WHAT'S YOUR 2018 HEALTH RESOLUTION ?
We all have resolutions for even better life next year. Economically, socially, and otherwise. How’s about our most precious good we have – health? Read on…
Carl Weinstein from Pullman, WA, asks:
When I am asked about my resolution no. 1 for 2018, I can only say with great enthusiasm and excitement: lose weight by cutting down my sedentary habits. Isn’t this the best mechanism and option for my health?
At each turn of the year, we all have our resolutions for an even better time to come. More money, more love, more whatsoever…
But what’s the basic resolution for our most precious good in life: health?
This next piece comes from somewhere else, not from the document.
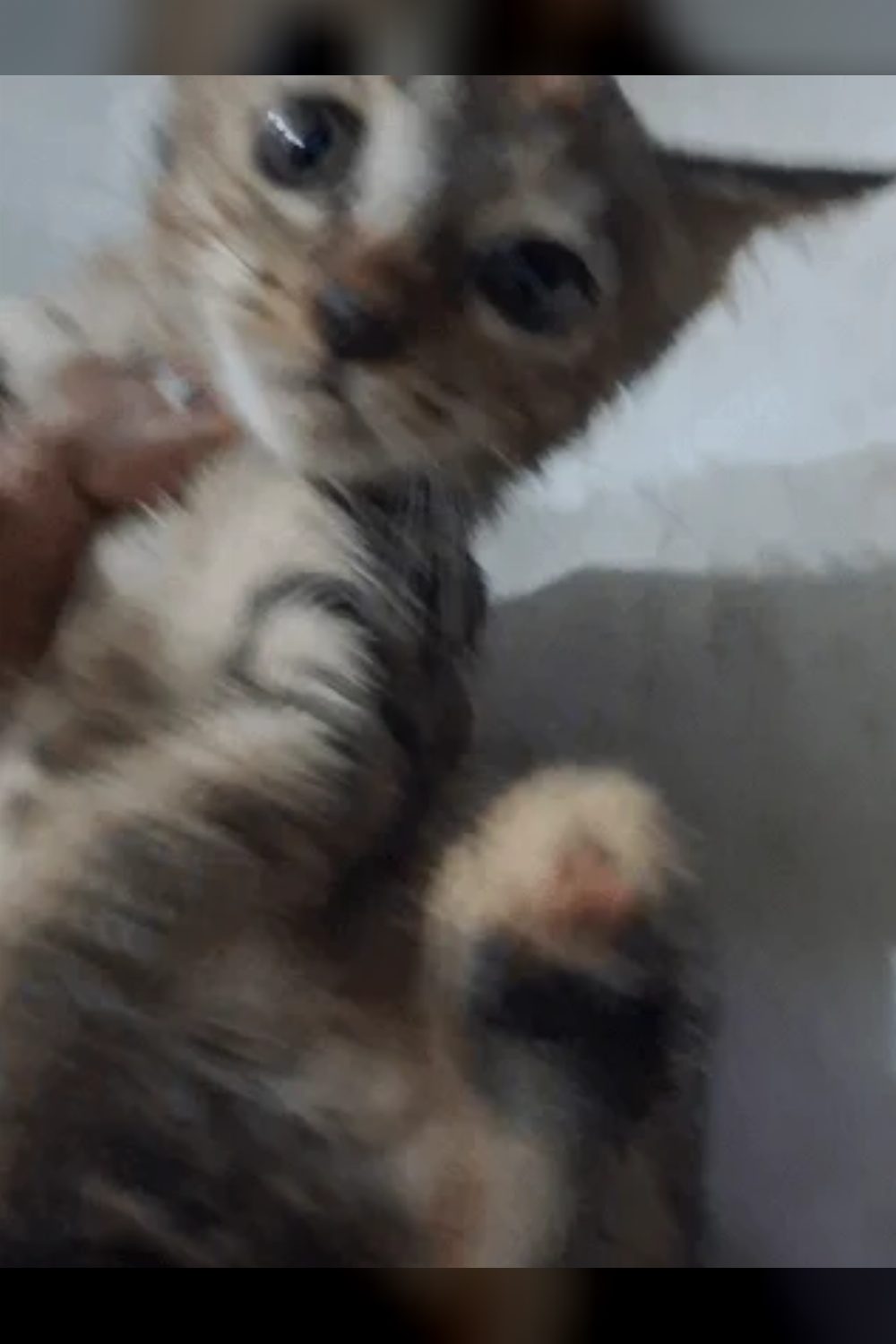 Urgent Kitten Adoption — Delhi NCR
Appreciating the fact that more than one third of our population is overweight, including our youngsters of 5-17 years old (according to Duke University in Durham, N.C.), resolution to cut down on weight sounds certainly reasonable. With an average sedentary time of 13 hours per day in this country.
MISLEADING CORRELATION – SCIENTIFICALLY CLARIFIED
This formula (sit less, weigh less) may still be too simple and misleading.
Because, according to a recent meta-analysis carried out at the University of Otago in Dunedin, New Zealand, prolonged sitting is not really responsible for weight gain. Rather, the actual cohesion is that prolonged sitting more than 3 hours daily may not really cause weight gain but basically 3 health problems instead: high blood pressure, cancer, and diabetes – with increased risk of premature death.
Based on the biologic fact that already 2 hours sitting without interruption reduces blood flow (to the heart, etc.), also it raises blood sugar and triglycerides, and it reduces ‘good’ (HDL) cholesterol by 20%.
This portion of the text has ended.